- [What you should do]:
Each line of the data below between the one containing "Gambar 6. Interior" and the one containing "Bouse Wash Westbound", both included, is to be repeated exactly. Please omit pictures.

- [The records]:
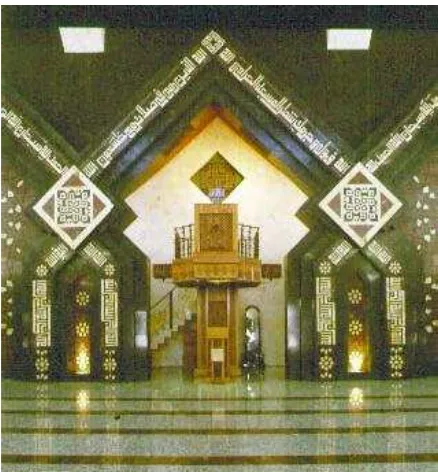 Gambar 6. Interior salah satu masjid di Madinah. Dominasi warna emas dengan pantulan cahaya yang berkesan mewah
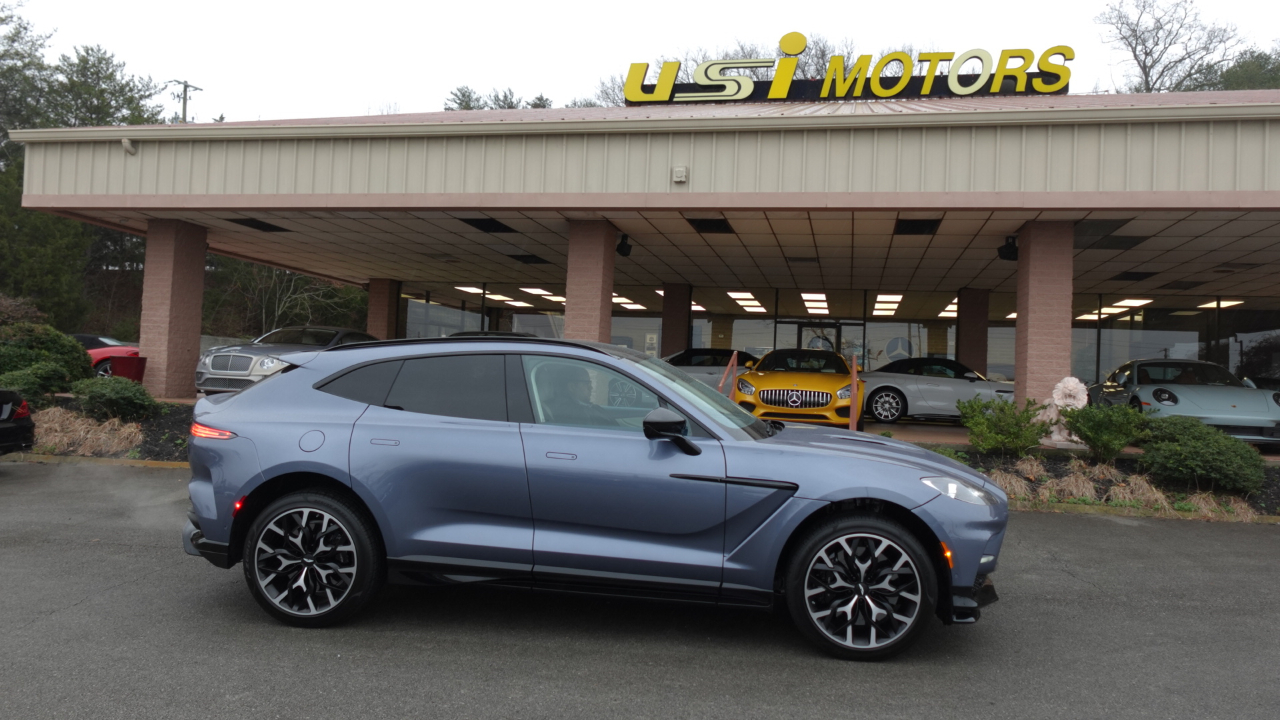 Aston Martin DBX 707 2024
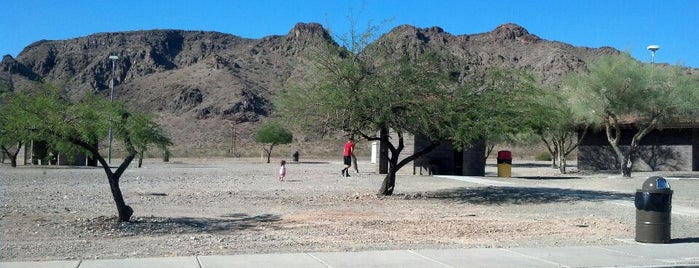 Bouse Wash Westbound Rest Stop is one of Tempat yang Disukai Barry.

---

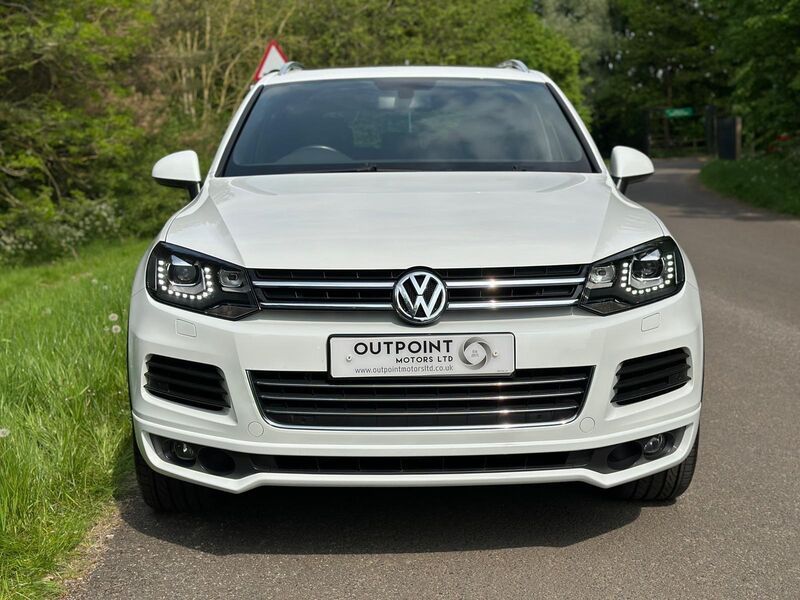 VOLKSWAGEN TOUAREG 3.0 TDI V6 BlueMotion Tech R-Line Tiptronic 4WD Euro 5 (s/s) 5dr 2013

- [Answer for the task]:
 Gambar 6. Interior salah satu masjid di Madinah. Dominasi warna emas dengan pantulan cahaya yang berkesan mewah
 Aston Martin DBX 707 2024
 Bouse Wash Westbound Rest Stop is one of Tempat yang Disukai Barry.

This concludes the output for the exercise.